Below are lines of records; copy exactly those from the one containing "IWC スーパーコピー ポルトギーゼ パーペチュアル カレンダー 42 iwx97899" through the one containing "Mirusi kādreizējā diplomāte Odiņa / Diena", leaving the pictures behind.

_EXCERPTED DATA_.
------------
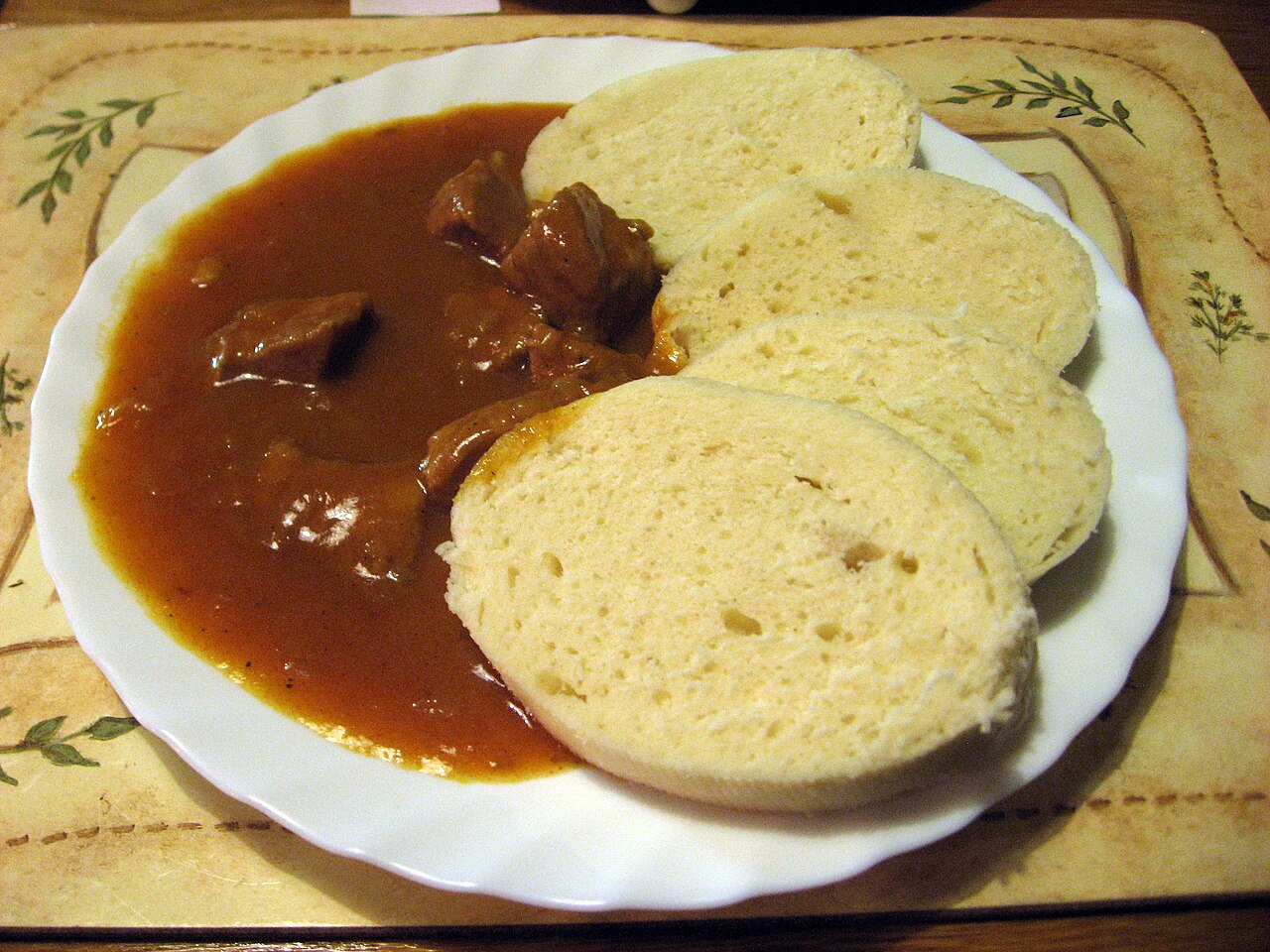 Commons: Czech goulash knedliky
------------
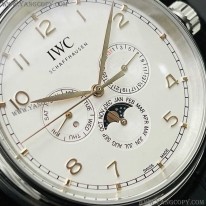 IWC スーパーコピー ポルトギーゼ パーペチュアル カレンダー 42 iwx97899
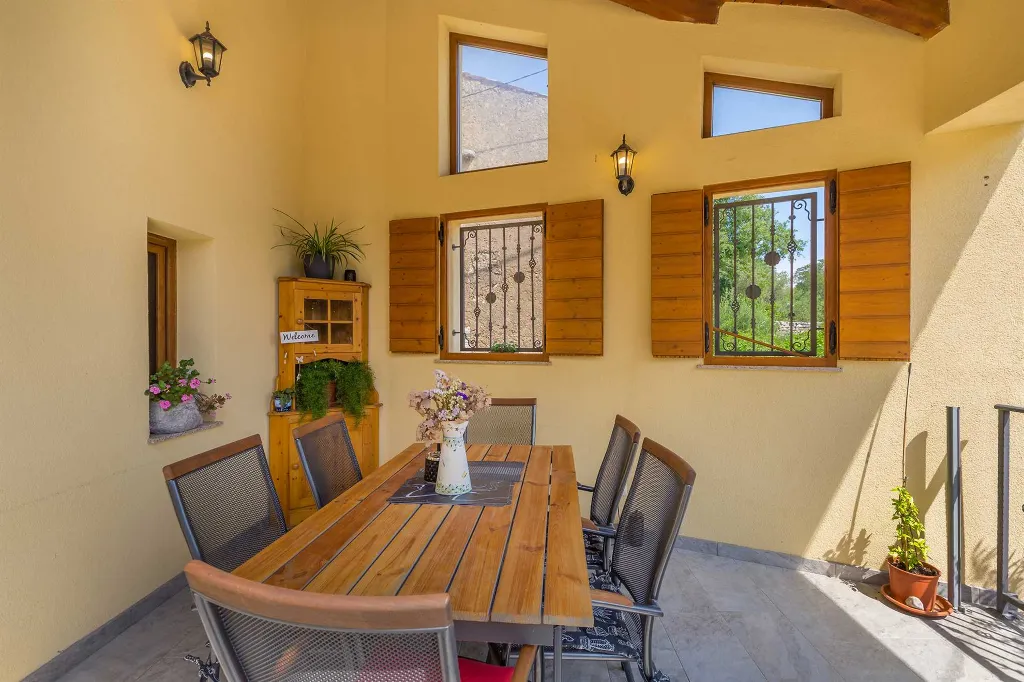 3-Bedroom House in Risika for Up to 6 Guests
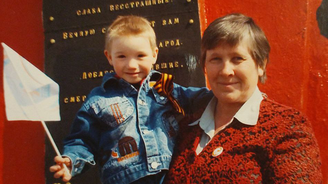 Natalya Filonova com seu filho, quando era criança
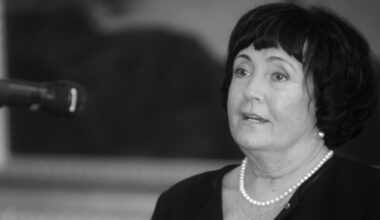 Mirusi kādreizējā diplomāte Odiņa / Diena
------------
_TASK RESPONSE_.
 IWC スーパーコピー ポルトギーゼ パーペチュアル カレンダー 42 iwx97899
 3-Bedroom House in Risika for Up to 6 Guests
 Natalya Filonova com seu filho, quando era criança
 Mirusi kādreizējā diplomāte Odiņa / Diena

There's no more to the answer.